Speech 1: Random Domain Decomposition for Kriging Riemannian Data
Speaker: Piercesare Secchi (Politecnico di Milano)
Abstract:

Investigation of object data distributed over complex domains gives rise to new challenges for spatial statistics. The linear methods of geostatistics cannot be directly applied when the embedding space for the observed data is non Hilbert. Moreover global assumptions about the stationarity of the random field generating the data are often unsuitable when the spatial domain is large, textured or convoluted, with holes or barriers. We here examine the Random Domain Decomposition computational approach proposed by Menafoglio et al. (2018) applied to the analysis and prediction of tensor data observed over a complex spatial domain. As an illustrative case study, we will analyse the covariances between dissolved oxygen and water temperature in the Chesapeake Bay.

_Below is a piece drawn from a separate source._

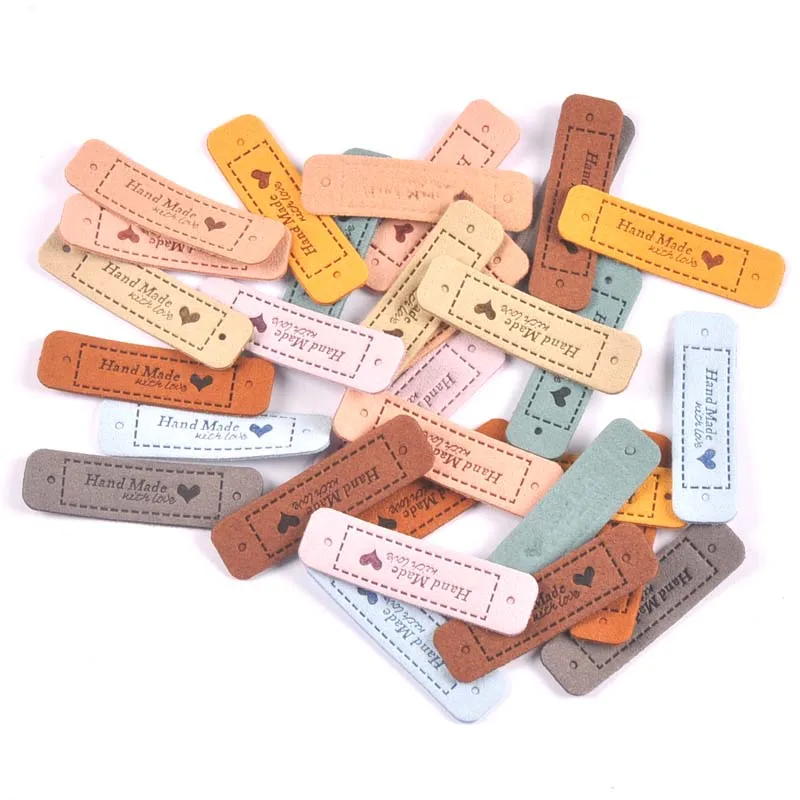 20 Stück 55 x 15 mm Stoff handgefertigt mit Liebe geprägte Tags DIY Flagge Etikett für Kleidungsstück Nähzubehör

This is joint work with Alessandra Menafoglio (Dept. of Mathematics, Politecnico di Milano) and Davide Pigoli (Dept. of Mathematics, King’s College London)

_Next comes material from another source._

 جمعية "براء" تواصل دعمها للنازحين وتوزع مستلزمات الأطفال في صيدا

Speech 2: Nonparametric K-Sample Test on Riemannian Manifolds with Applications to Analyzing Mitochondrial Shapes
Speaker: Ruiyi Zhang (Florida State)
Abstract: This paper develops a nonparametric approach for a k-sample test involving data lying on a Riemannian manifold, such as a shape manifold. The specific problem is to test the hypothesis that a factor (such as the subject, cell, or living conditions) significantly affects mitochondrial morphology as observed in images of skeletal muscles of mice. The fact that a shape space is non-Euclidean and infinite-dimensional rules out standard ANOVA decomposition and requires new ideas. In this work, we extend a metric-based approach, developed for Euclidean spaces previously and termed DISCO analysis, to the several shape representations of planar closed curves. This adaptation leads to a statistic for testing equality of distributions of across groups. We provide the underlying theory for one shape representation, but apply the test to several other shape metrics also. Since the data have a nested structure, we also develop a procedure to test a factor while it includes another significant factor. We analyze and present results for a mitochondria shape dataset, including an interesting result that a change in lifestyle alters shapes of some type of mitochondria.

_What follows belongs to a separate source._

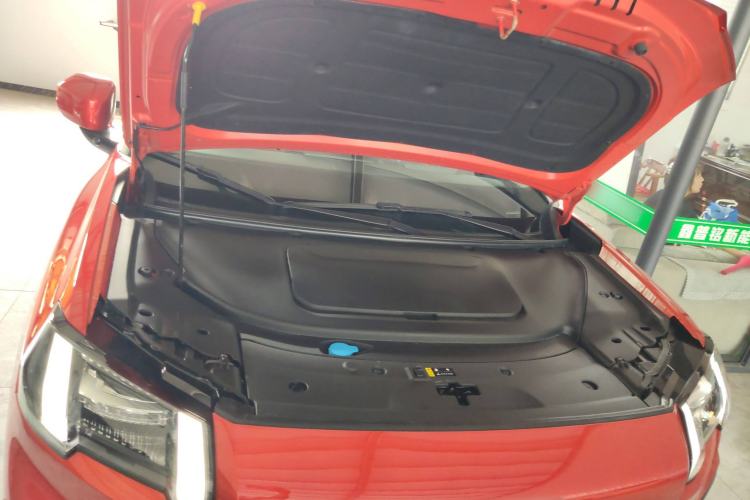 Used AION V 2024 Aion Tyrannosaurus 650 LiDAR Edition Engine Bay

Speech 3: High-Dimensional Manifold Data Clustering on Symmetric Spaces
Speaker: Chao Huang (UNC)
Abstract: Clustering is one of the fundamental tools in manifold learning, and it has been extensively studied in many applications. However, in many image analysis problems (e.g., directional data analysis, shape analysis), most existing clustering methods established in Euclidian space face several challenges including a symmetric space, a high dimensional feature space, and manifold data variation associated with some covariates. In order to address such challenges, a penalized model-based clustering framework is developed to cluster high dimensional manifold data in symmetric spaces. Specifically, a mixture of geodesic factor analyzers (MGFA) is proposed with mixing proportions de- fined through a logistic model and Riemannian normal distribution in each component for data in symmetric spaces. A geodesic factor analyzer is established to explicitly model the high dimensional features. Penalized likelihood approaches are used to real- ize variable selection procedures. Simulation studies are performed on data generated from unit sphere, and real data analysis are performed on the corpus callosum (CC) shape data from the ADNI study.